Point principal 4 : Potentiel d’intégration des EITS
En renforçant la diversité structurelle et spécifique des forêts, l’expansion des EITS peut être efficacement contrôlée. Par exemple, en augmentant la structure verticale des forêts et en favorisant la compétition entre les espèces pionnières et les espèces de succession tardive, les opportunités d’invasion des EITS peuvent être réduites.
Preuves à l’appui : - Dans les forêts complexes, la capacité d’invasion des EITS est limitée, car leur besoin élevé en lumière les empêche de s’établir sous la canopée. - En augmentant la diversité fonctionnelle et la redondance des forêts, la résistance à l’invasion des EITS peut être renforcée.
Signification et valeur de l’article
Cet article offre aux gestionnaires forestiers une nouvelle perspective, à savoir qu’en intégrant les EITS dans les écosystèmes forestiers grâce à une gestion forestière intelligente face au climat, la capacité d’adaptation des forêts au changement climatique peut être renforcée. L’article met en avant le potentiel des EITS dans la restauration des forêts et les services écosystémiques, en particulier dans un contexte de changement climatique accru, où les EITS pourraient devenir un outil important pour la restauration forestière.
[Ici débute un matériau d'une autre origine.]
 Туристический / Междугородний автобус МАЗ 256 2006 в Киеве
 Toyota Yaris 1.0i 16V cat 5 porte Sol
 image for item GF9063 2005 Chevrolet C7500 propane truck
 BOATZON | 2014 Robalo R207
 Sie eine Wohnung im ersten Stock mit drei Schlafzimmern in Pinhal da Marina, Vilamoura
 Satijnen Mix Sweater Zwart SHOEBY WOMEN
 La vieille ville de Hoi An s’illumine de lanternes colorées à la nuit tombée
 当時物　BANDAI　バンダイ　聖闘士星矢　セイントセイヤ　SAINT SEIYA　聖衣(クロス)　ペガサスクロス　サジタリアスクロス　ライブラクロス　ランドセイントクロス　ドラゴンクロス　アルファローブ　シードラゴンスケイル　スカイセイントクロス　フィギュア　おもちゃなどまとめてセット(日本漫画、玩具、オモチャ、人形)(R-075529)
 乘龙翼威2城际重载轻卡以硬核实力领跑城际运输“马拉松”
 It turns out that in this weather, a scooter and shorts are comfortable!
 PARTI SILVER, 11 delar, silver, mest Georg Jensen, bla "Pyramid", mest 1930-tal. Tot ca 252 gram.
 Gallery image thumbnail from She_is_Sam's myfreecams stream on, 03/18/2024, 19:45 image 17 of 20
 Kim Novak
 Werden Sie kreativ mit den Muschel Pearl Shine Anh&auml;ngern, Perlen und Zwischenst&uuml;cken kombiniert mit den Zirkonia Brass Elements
De plus, l’article souligne la nécessité de recherches supplémentaires sur les fonctions écologiques des EITS afin d’évaluer plus complètement leur impact sur les écosystèmes forestiers.
Points forts
- Perspective de recherche novatrice : L’article dépasse la vision traditionnelle négative des espèces d’arbres envahissantes en mettant en avant leur rôle potentiellement positif dans le contexte du changement climatique.
- Revue de littérature exhaustive : Basé sur 466 références, l’article propose un cadre de recherche complet sur l’impact des EITS sur les écosystèmes forestiers.
- Valeur pratique : L’article fournit des recommandations concrètes aux gestionnaires forestiers, comme augmenter la diversité forestière pour contrôler l’expansion des EITS.
Autres informations utiles
L’article cite également cinq EITS largement répandues dans le monde (Ailanthus altissima, Eucalyptus globulus, Pinus radiata, Prunus serotina et Robinia pseudoacacia), en décrivant en détail leurs caractéristiques écologiques et leurs recommandations de gestion. Ces informations offrent des références concrètes pour les gestionnaires forestiers.
Cet article propose de nouvelles idées pour relever les défis de la gestion forestière dans un contexte de changement climatique, en mettant en avant le rôle potentiel des EITS dans le renforcement de la résilience des forêts, ce qui a une valeur scientifique et pratique significative.